▶ **Task requirements**
Would you please print exactly the lines that run from the one with "Used 2024 Hyundai" to the last line of the data, both included, without any pictures?

▶ **Dataset**
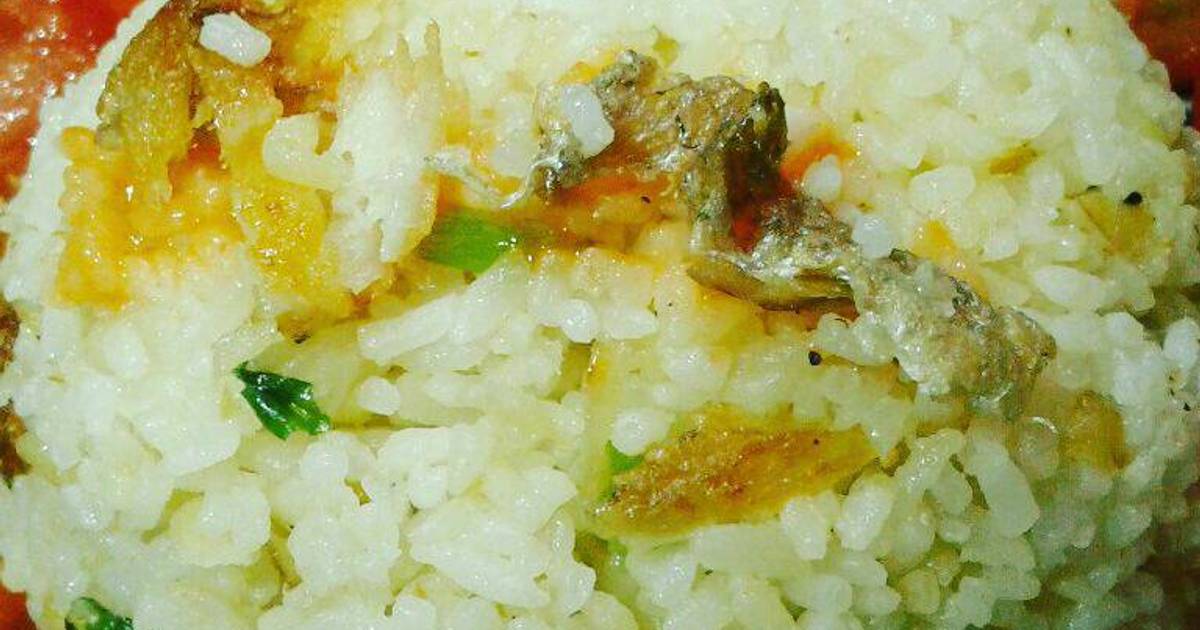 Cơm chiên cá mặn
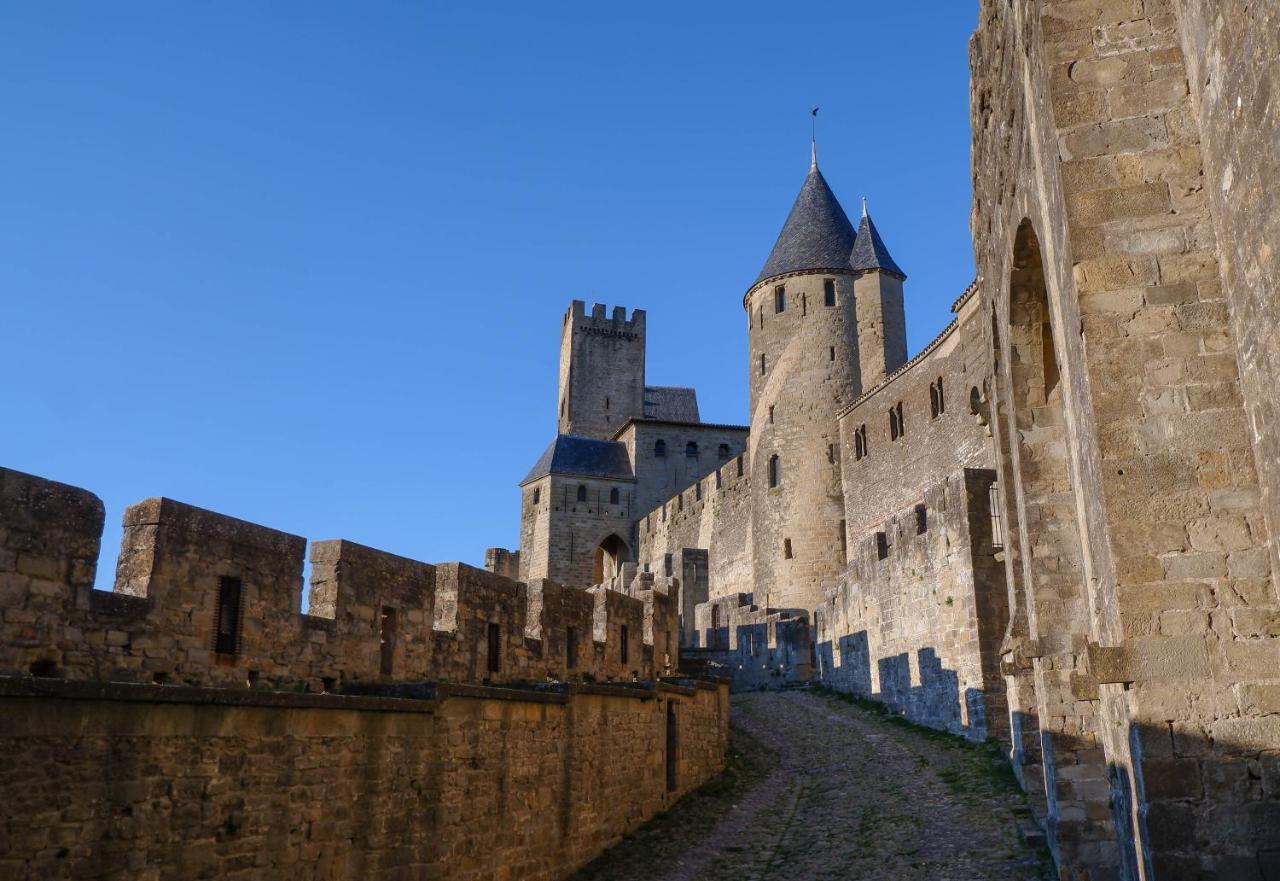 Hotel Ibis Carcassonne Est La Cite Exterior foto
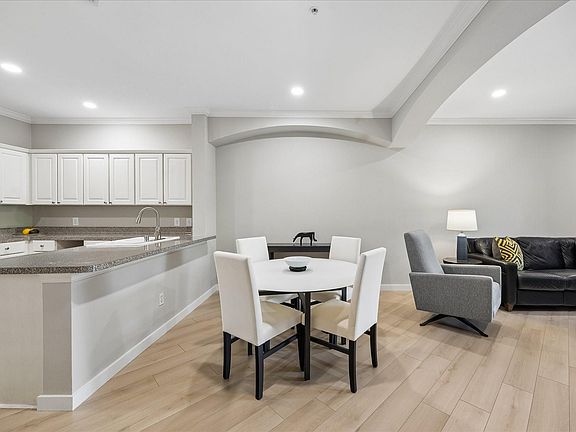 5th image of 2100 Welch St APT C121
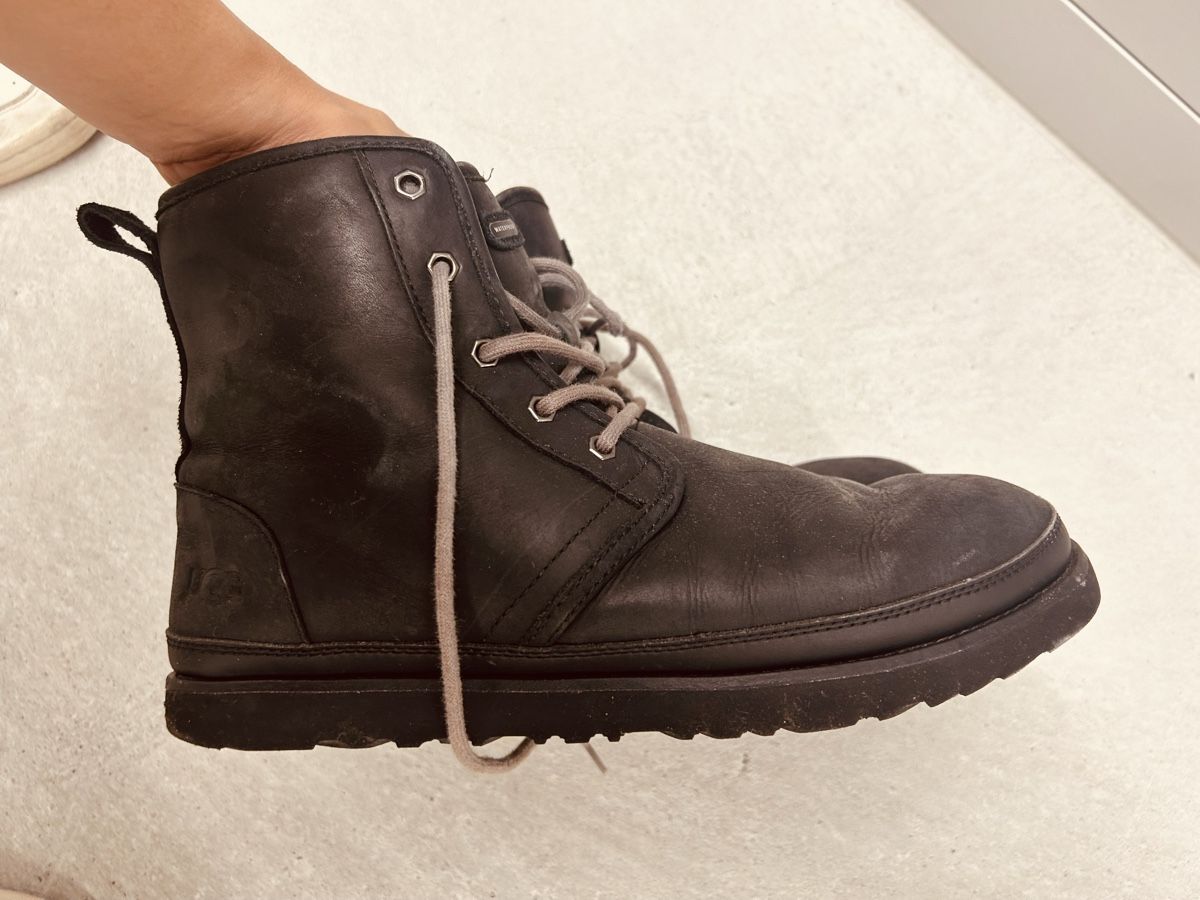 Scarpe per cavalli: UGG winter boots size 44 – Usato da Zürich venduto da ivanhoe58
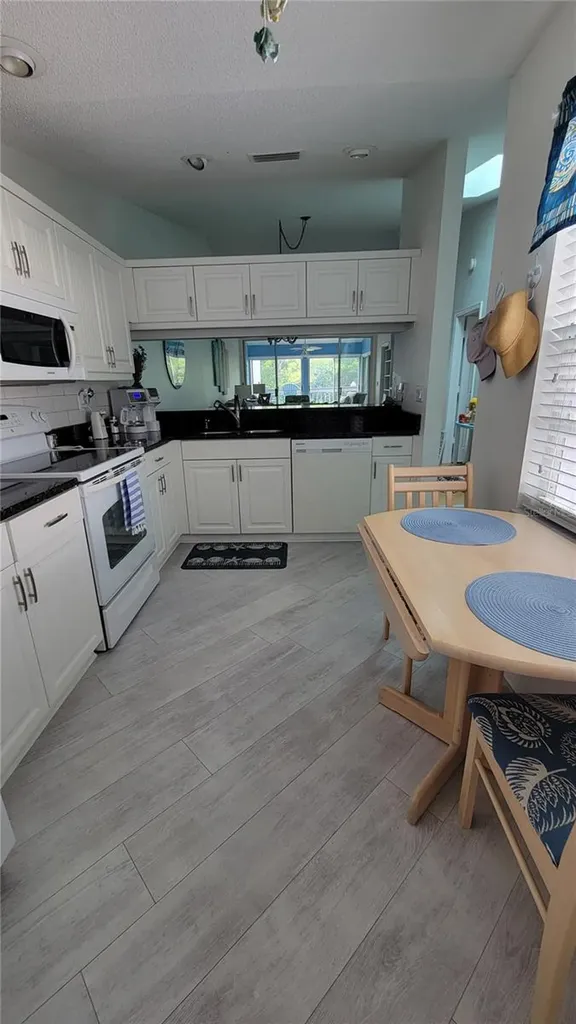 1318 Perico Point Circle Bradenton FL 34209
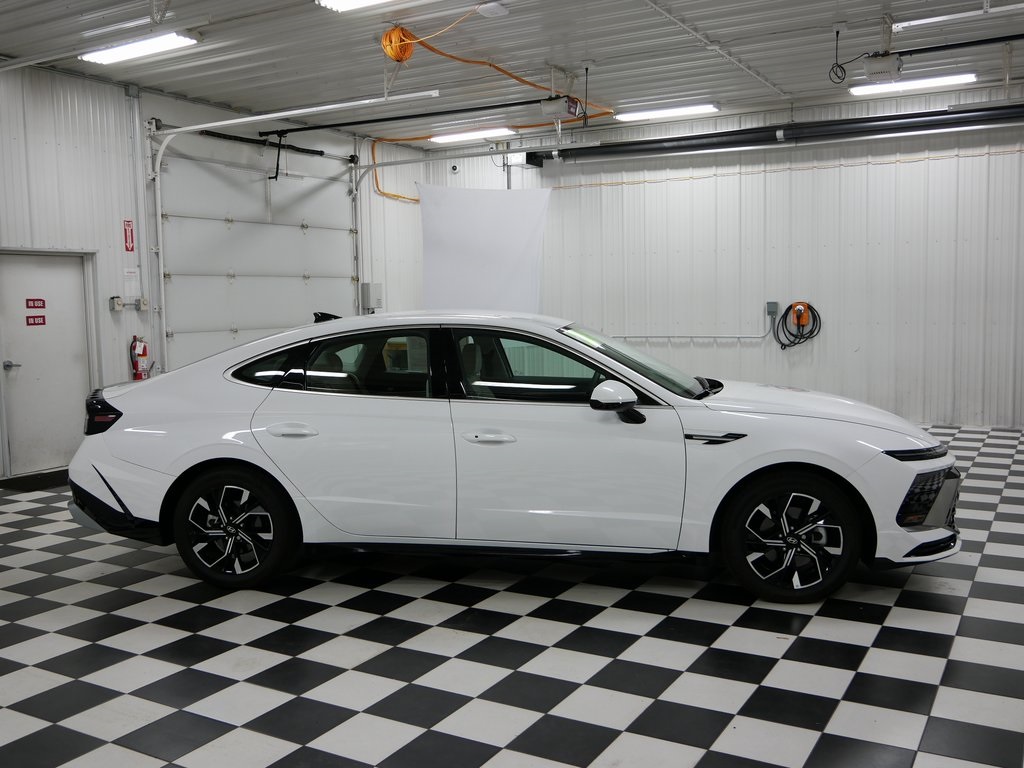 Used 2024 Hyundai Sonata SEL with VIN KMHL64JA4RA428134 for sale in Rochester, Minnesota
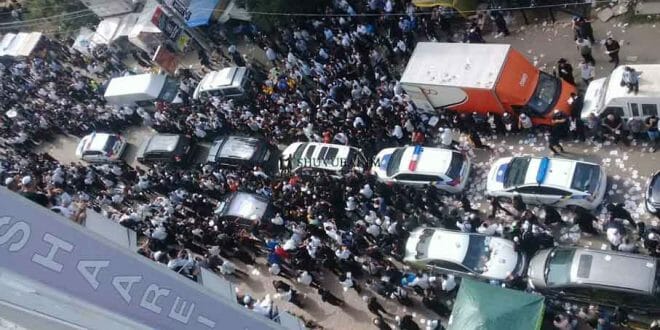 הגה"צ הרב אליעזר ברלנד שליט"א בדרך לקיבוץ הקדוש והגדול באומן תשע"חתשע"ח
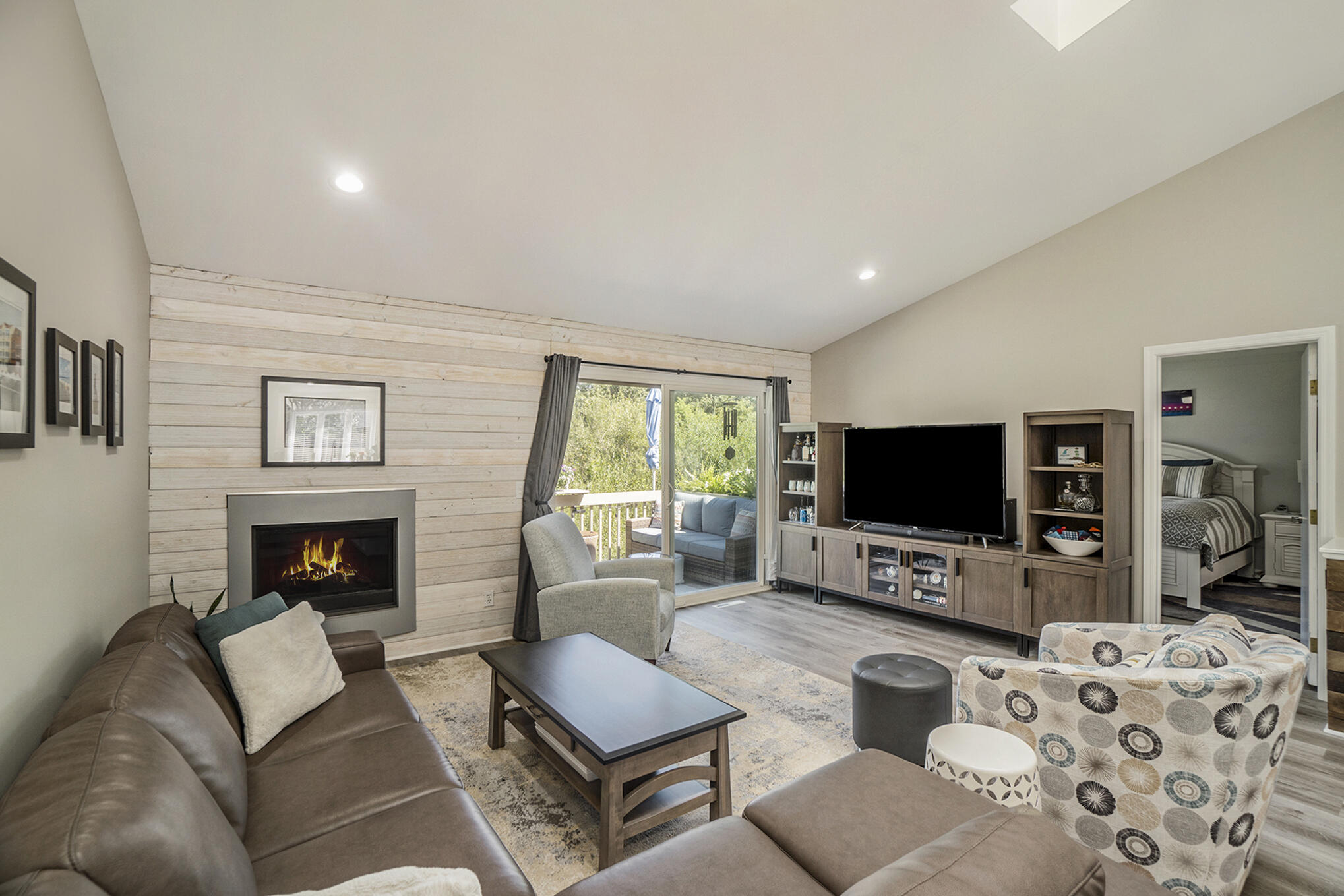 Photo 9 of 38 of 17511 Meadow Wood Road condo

▶ **Reply to the task**
 Used 2024 Hyundai Sonata SEL with VIN KMHL64JA4RA428134 for sale in Rochester, Minnesota
 הגה"צ הרב אליעזר ברלנד שליט"א בדרך לקיבוץ הקדוש והגדול באומן תשע"חתשע"ח
 Photo 9 of 38 of 17511 Meadow Wood Road condo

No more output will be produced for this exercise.